Dating from around 1120, Kenilworth Castle located in Warwickshire, UK, has been described as “the finest surviving example of a semi-royal palace of the later middle ages, significant for its scale, form and quality of workmanship”. It is the biggest castle ruin located in the UK today it is rumoured to he the second most haunted castle within the English Hertiage Sites.

BRIEF HISTORY

The first castle was established around the 1120s by the royal chamberlain, Geoffrey de Clinton, who built most of the Norman keep.

 In the early 13th century King John added an outer circuit of stone walls and a dam to hold back a great lake, so creating one of the most formidable fortresses in the kingdom.

In 1266 Simon de Montfort held Kenilworth against the king through an extraordinary six-month siege – the longest in English medieval history.

In the 14th century John of Gaunt, son of King Edward III, developed the castle into a palace, building the great hall and lavish apartments.

The castle was a favoured residence of the Lancastrian kings in the later Middle Ages – Henry V even built a retreat here at the far end of the lake.

In 1563 Elizabeth I granted the castle to Robert Dudley, Earl of Leicester, who transformed Kenilworth into a magnificent palace. Famously he entertained the queen here for 19 days of festivities in 1575.

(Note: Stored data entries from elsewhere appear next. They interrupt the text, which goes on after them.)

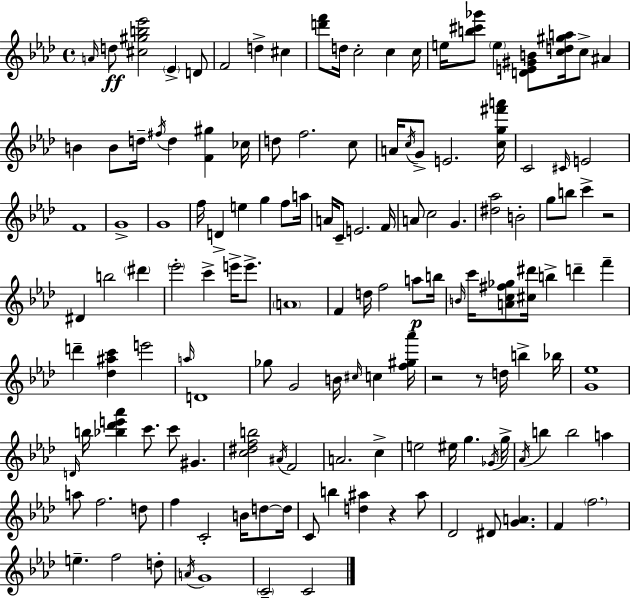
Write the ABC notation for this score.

X:1
T:Untitled
M:4/4
L:1/4
K:Ab
A/4 d/2 [^c^gb_e']2 _E D/2 F2 d ^c [d'f']/2 d/4 c2 c c/4 e/4 [b^c'_g']/2 e [DE^GB]/2 [cd^ga]/4 c/2 ^A B B/2 d/4 ^f/4 d [F^g] _c/4 d/2 f2 c/2 A/4 c/4 G/2 E2 [cg^f'a']/4 C2 ^C/4 E2 F4 G4 G4 f/4 D e g f/2 a/4 A/4 C/2 E2 F/4 A/2 c2 G [^d_a]2 B2 g/2 b/2 c' z2 ^D b2 ^d' _e'2 c' e'/4 e'/2 A4 F d/4 f2 a/2 b/4 B/4 c'/4 [Ac^f_g]/2 [^c^d']/4 b d' f' d' [_d^ac'] e'2 a/4 D4 _g/2 G2 B/4 ^c/4 c [f^g_a']/4 z2 z/2 d/4 b _b/4 [G_e]4 D/4 b/4 [_b_d'e'_a'] c'/2 c'/2 ^G [c^dfb]2 ^A/4 F2 A2 c e2 ^e/4 g _G/4 g/4 _A/4 b b2 a a/2 f2 d/2 f C2 B/4 d/2 d/4 C/2 b [d^a] z ^a/2 _D2 ^D/2 [GA] F f2 e f2 d/2 A/4 G4 C2 C2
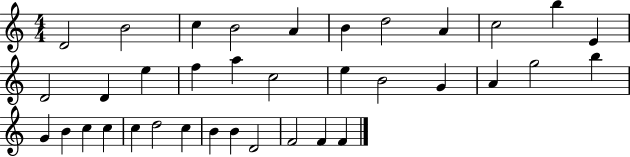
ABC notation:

X:1
T:Untitled
M:4/4
L:1/4
K:C
D2 B2 c B2 A B d2 A c2 b E D2 D e f a c2 e B2 G A g2 b G B c c c d2 c B B D2 F2 F F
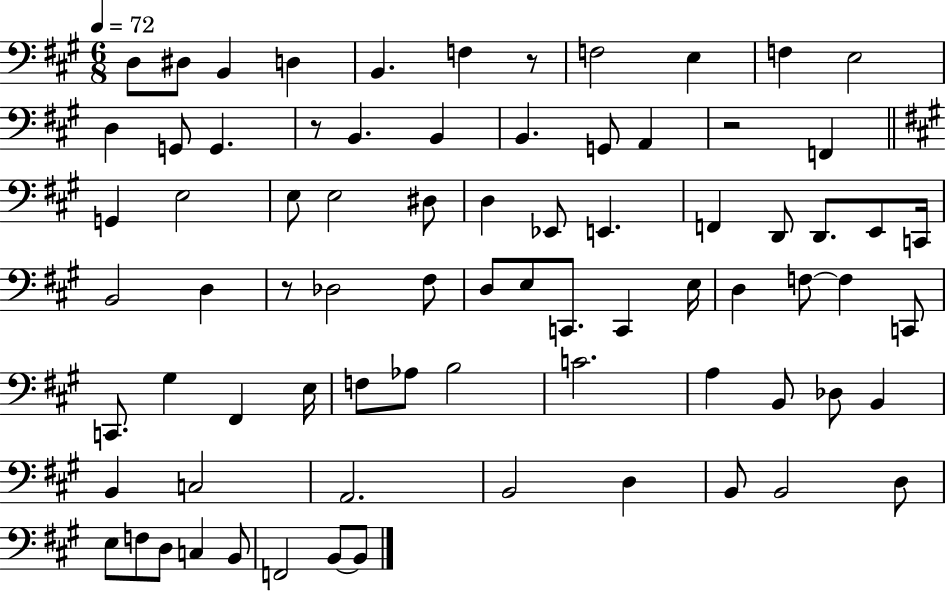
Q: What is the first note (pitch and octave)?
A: D3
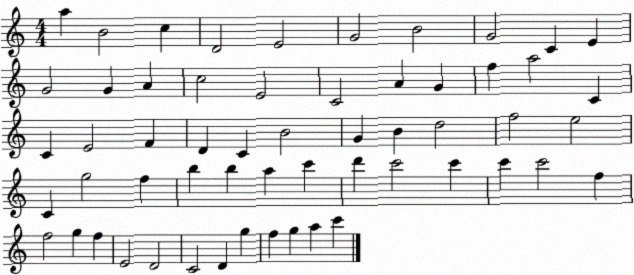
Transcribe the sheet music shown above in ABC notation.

X:1
T:Untitled
M:4/4
L:1/4
K:C
a B2 c D2 E2 G2 B2 G2 C E G2 G A c2 E2 C2 A G f a2 C C E2 F D C B2 G B d2 f2 e2 C g2 f b b a c' d' c'2 c' c' c'2 f f2 g f E2 D2 C2 D g f g a c'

The castle’s fortifications were dismantled in 1650 after the English Civil War. Later, the ruins became famous thanks in part to Walter Scott’s 1821 novel Kenilworth, which romanticised the story of Robert Dudley, his wife Amy Robsart, and Elizabeth I.

GHOSTS

Staff at the Hertiage site have reported encounting ghostly figures, an antique cot rocking by itself and the smell of pipe smoke and burning.

Three of the ghosts rumoured to haunt the gatehouse are a little girl who asks for her father, a man in a black cloak who is thought to have been in a sword fight and who appears at night and a old lady. A young boy is said to haunt the stables and he is seen often along with phantom chickens and horses.